Se me quedó grabado un ejemplo sobre cómo actuaría un subordinado si un superior jerárquico, del cual dependía su jefe directo, le solicitaba información discrecional sobre la empresa. Obtuvimos conclusiones interesantes sobre la actuación de los grupos humanos ante situaciones de moralidad y de cultura de empresa, pero siempre desde un punto de vista de analista teórico o espectador, nunca desde la experiencia. En esta década de cambios profundos, de crisis, ¿Sigue teniendo razón mi profesor respecto al avance de la idea de ética en el tejido empresarial? Nuestro amigo no estuvo a la altura de las circunstancias ¿o sí? Lo que imaginaba un paseo profesional se convirtió en un difícil camino, quizás por la actuación de la propiedad, quizás por seguir las normas de actuación profesional, quizás por lo que entendía por “moralidad en los negocios”, quizás… Se escribe en la prensa, en revistas profesionales y se editan libros sobre normas de actuación, códigos de ética, culturas empresariales, responsabilidad social… pero, a la hora de la verdad, lo cierto es que el profesional se encuentra solo ante situaciones donde debe anteponer los intereses de su cliente o de su empresa a los particulares, cuando tiene que discernir entre lo correcto y lo chapucero. ¿En la práctica apreciamos lo que es ético de lo que no lo es? En mi opinión, todavía no estamos preparados para conseguir cotas de comportamiento por encima de lo que establecen las leyes, porque la sociedad en sí no está concienciada y es ella la que redacta en la mente de los ciudadanos los códigos de actuación y establece y desplaza, hacia arriba o hacia abajo, los mínimos de moral empresarial. Querido amigo, no sé qué hubiéramos hecho en tu lugar, pero, créeme, te gravitan muchos pensamientos positivos, energía de todos aquellos que en situaciones similares pensarían como tú.
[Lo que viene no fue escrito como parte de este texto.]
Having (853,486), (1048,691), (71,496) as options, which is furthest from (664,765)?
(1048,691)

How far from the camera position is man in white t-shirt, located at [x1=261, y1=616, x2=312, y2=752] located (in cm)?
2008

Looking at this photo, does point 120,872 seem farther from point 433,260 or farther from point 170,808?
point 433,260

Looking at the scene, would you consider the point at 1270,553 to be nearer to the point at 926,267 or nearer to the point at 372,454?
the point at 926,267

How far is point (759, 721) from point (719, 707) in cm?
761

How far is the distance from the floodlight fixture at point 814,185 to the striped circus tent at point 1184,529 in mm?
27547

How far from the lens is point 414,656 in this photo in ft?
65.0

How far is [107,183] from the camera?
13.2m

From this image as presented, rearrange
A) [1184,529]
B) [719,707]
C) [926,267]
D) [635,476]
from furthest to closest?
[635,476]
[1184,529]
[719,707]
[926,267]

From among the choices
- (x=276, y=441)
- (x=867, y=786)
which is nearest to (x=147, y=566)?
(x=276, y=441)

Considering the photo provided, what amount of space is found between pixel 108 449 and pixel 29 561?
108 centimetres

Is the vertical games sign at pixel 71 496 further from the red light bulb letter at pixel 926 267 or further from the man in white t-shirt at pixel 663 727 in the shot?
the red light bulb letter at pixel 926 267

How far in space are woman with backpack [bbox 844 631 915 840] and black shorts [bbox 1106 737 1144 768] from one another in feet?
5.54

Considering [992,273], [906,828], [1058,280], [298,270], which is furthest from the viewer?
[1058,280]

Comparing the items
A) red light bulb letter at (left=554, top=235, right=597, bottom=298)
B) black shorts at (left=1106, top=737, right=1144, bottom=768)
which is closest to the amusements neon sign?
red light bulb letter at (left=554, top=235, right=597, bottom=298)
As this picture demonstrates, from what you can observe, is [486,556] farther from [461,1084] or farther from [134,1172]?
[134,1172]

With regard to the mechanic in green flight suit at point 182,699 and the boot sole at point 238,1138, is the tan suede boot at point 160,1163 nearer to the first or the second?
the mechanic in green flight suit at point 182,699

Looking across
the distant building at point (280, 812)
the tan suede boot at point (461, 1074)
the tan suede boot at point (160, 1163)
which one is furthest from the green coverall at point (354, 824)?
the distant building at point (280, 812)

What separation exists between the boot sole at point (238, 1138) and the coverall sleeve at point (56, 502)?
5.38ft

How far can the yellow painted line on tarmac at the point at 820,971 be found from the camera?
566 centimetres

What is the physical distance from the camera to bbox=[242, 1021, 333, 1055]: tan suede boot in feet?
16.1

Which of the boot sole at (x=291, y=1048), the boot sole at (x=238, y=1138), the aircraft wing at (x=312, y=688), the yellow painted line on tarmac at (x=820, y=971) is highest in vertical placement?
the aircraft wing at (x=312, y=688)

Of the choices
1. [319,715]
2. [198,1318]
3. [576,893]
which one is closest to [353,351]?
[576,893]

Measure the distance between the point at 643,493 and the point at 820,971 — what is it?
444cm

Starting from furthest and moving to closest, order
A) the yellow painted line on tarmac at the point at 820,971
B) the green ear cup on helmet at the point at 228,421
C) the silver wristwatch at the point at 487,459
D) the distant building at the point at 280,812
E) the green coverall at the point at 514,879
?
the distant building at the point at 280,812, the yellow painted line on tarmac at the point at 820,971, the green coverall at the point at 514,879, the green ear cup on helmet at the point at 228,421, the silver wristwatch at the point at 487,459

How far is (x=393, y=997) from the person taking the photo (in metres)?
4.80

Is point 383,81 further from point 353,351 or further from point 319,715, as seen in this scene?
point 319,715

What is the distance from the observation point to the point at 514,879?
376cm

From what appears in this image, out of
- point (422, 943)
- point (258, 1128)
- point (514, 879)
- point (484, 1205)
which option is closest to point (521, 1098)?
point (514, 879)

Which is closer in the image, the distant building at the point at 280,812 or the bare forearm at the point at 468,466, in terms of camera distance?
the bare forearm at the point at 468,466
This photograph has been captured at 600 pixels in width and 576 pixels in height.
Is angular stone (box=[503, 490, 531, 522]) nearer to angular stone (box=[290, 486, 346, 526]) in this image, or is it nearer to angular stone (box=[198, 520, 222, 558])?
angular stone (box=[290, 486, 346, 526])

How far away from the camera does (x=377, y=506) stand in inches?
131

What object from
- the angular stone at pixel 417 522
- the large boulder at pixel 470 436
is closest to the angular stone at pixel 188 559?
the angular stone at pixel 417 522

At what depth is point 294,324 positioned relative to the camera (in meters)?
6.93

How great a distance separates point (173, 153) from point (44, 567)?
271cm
Por favor, sigue siendo fiel a tu ética de actuación, aunque ésta sea excesiva para los tiempos que corren, o los demás no estemos, aún, a la altura necesaria para conseguir un mundo empresarial mejor[4].
______________________
[1]  Que redacté en octubre de 1993.
[2] Ya habréis observado a lo largo de este blog que mi redacción deja mucho que desear, digamos que es doméstica. Finalmente, no se publicó.
[3] Hijos, edad, préstamo hipotecario, miedo al paro, estatus...
[4] Formato cambiado posteriormente: Fuente de las imágenes: foto-gratis.es). Imagen incorporada con posterioridad; fuente: mvc archivo propio.